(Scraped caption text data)
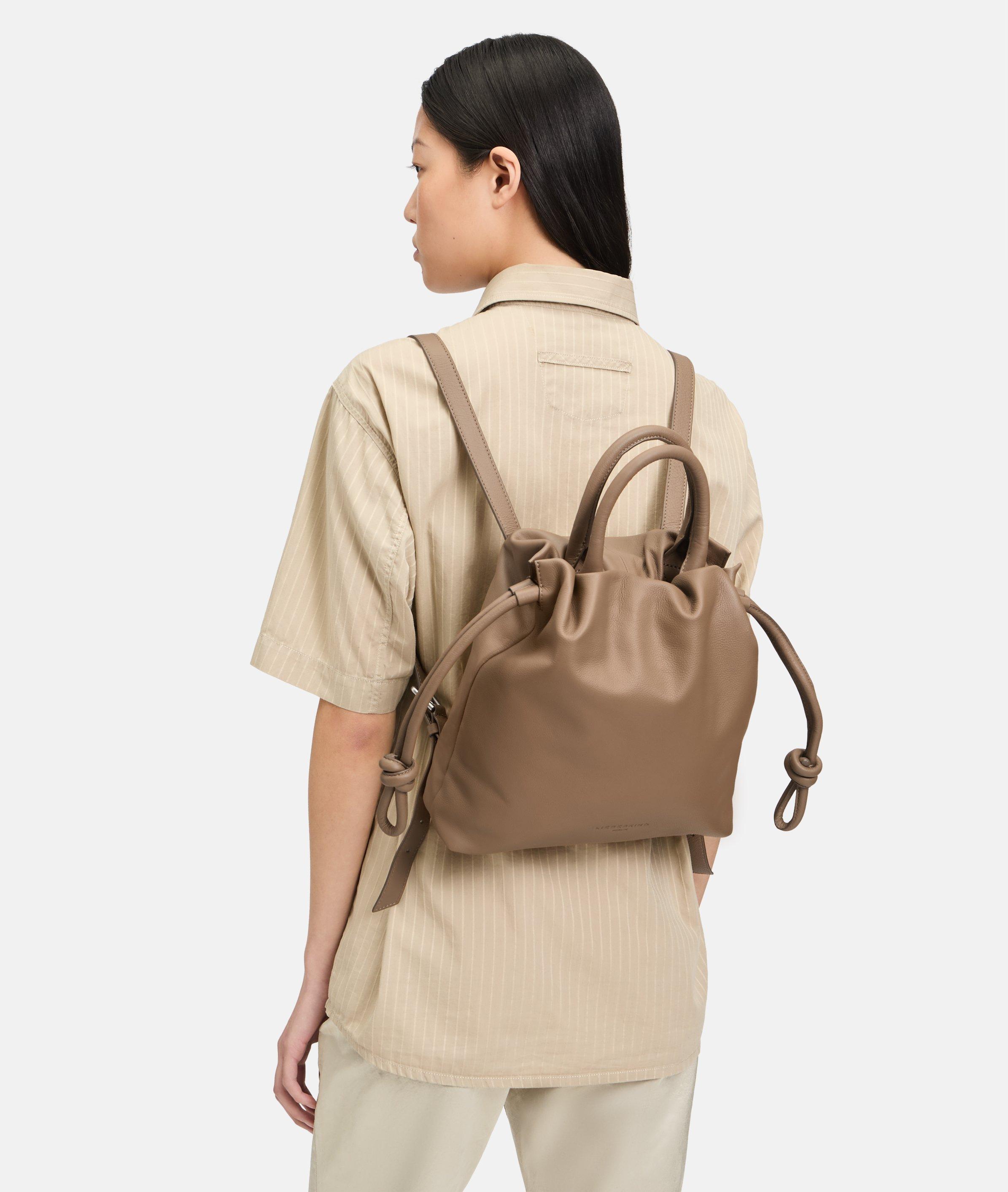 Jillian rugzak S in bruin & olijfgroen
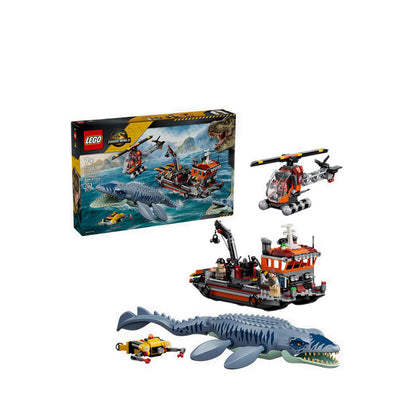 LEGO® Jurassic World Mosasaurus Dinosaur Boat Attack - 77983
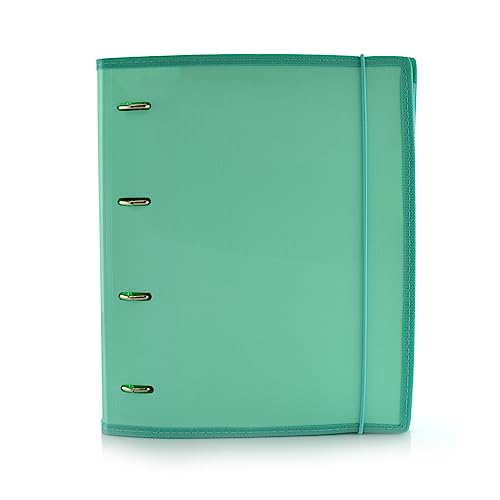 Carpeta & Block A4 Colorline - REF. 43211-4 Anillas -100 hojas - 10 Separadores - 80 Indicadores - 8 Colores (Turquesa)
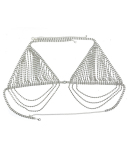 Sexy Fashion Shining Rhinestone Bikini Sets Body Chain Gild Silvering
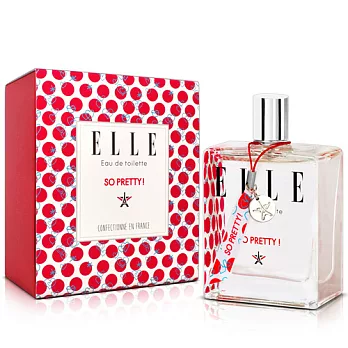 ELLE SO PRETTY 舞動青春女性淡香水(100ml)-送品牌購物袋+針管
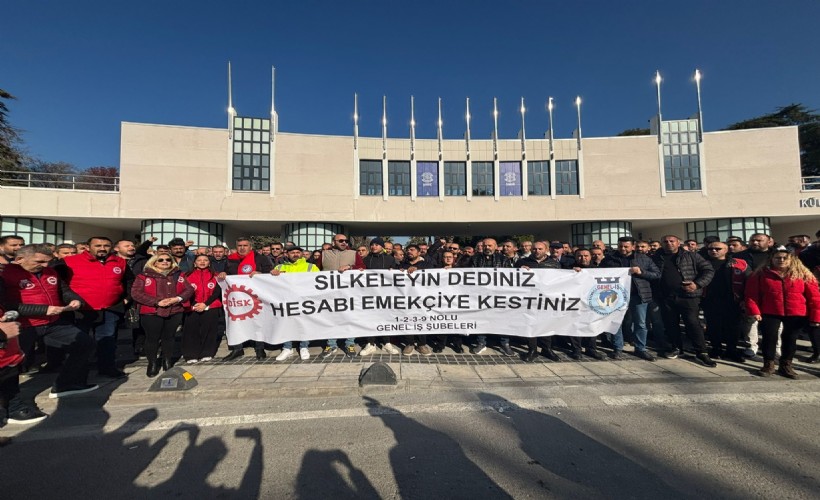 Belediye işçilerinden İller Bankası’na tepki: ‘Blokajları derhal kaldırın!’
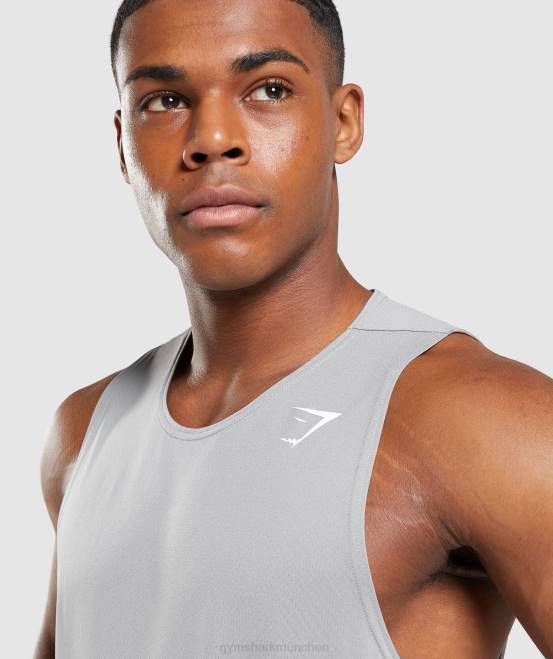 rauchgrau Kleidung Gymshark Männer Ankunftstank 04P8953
==
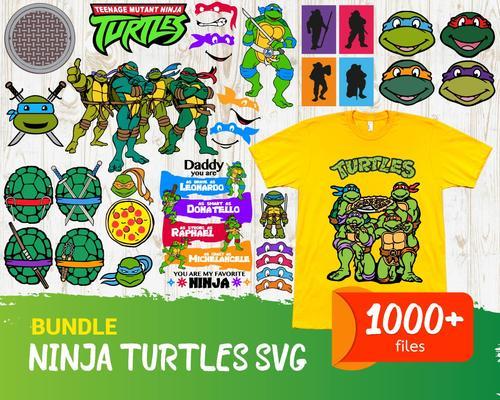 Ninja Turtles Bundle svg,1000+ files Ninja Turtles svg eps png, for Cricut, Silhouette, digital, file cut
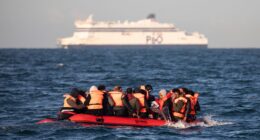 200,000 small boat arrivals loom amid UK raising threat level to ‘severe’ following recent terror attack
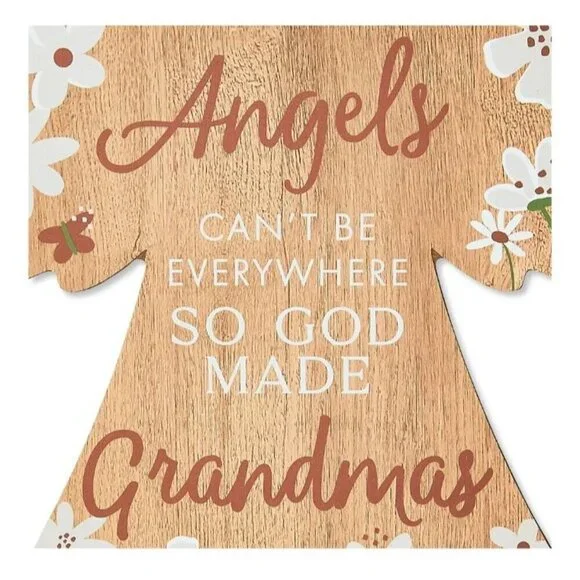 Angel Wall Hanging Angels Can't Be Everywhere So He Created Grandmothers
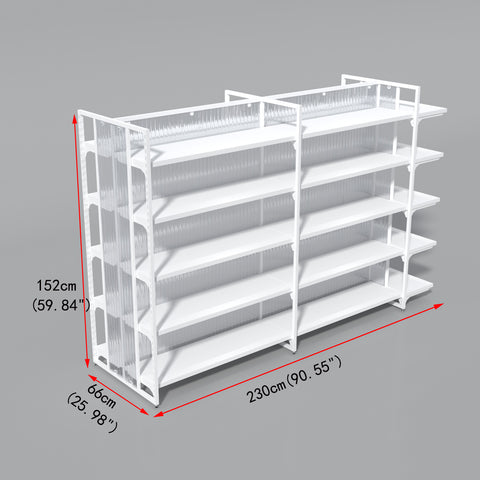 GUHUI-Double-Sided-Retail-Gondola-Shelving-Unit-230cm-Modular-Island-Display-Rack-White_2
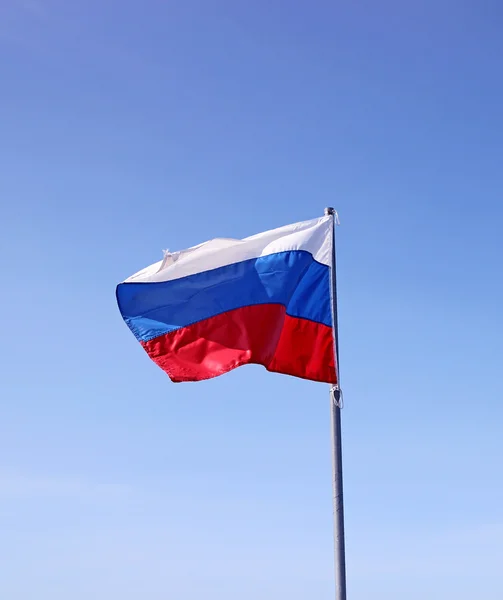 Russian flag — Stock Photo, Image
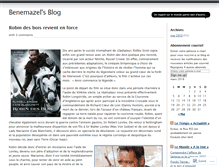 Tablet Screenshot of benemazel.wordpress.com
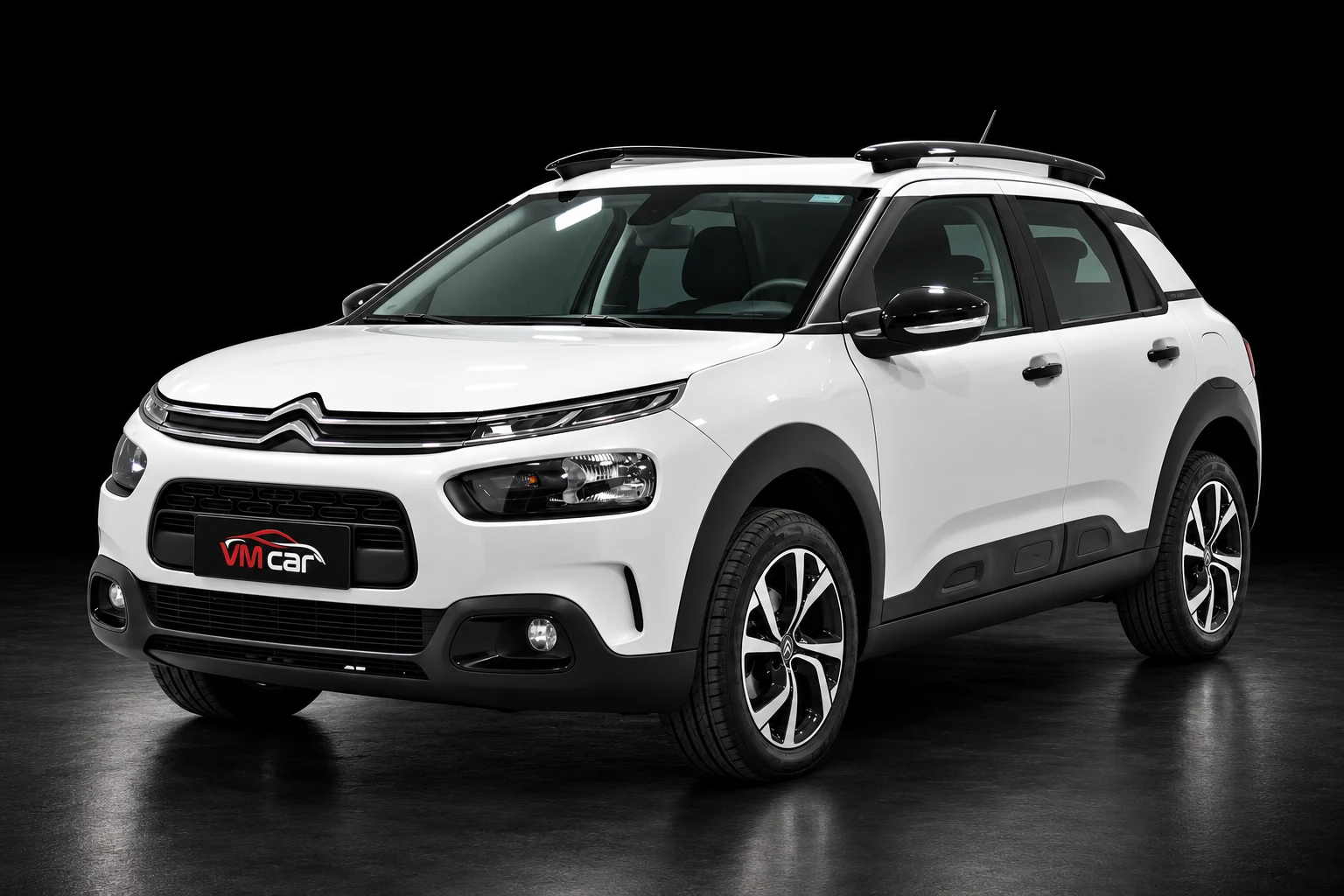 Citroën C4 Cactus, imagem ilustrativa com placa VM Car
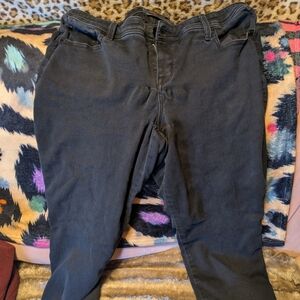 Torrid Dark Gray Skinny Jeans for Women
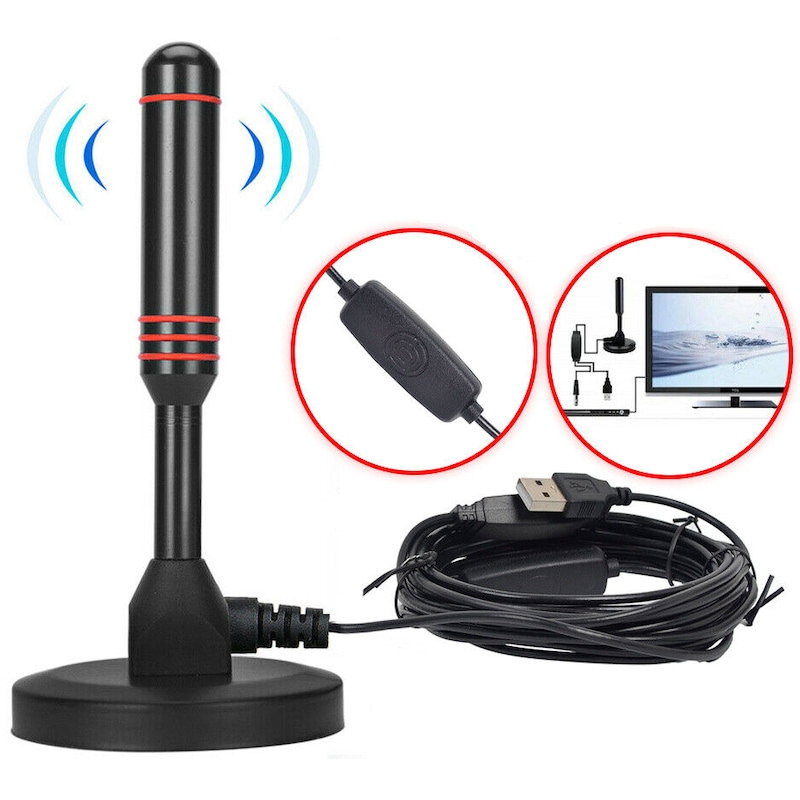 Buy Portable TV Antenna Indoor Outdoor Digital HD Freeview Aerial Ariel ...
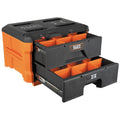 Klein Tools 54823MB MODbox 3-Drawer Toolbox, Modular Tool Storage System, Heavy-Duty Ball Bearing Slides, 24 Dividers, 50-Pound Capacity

EXERCISE:
Using the records above, print exactly the run of lines that starts with the line with "Jillian rugzak S in bruin & olijfgroen" and goes on through the line with "rauchgrau Kleidung Gymshark", pictures excluded.

SOLVED PROBLEM:
 Jillian rugzak S in bruin & olijfgroen
 LEGO® Jurassic World Mosasaurus Dinosaur Boat Attack - 77983
 Carpeta & Block A4 Colorline - REF. 43211-4 Anillas -100 hojas - 10 Separadores - 80 Indicadores - 8 Colores (Turquesa)
 Sexy Fashion Shining Rhinestone Bikini Sets Body Chain Gild Silvering
 ELLE SO PRETTY 舞動青春女性淡香水(100ml)-送品牌購物袋+針管
 Belediye işçilerinden İller Bankası’na tepki: ‘Blokajları derhal kaldırın!’
 rauchgrau Kleidung Gymshark Männer Ankunftstank 04P8953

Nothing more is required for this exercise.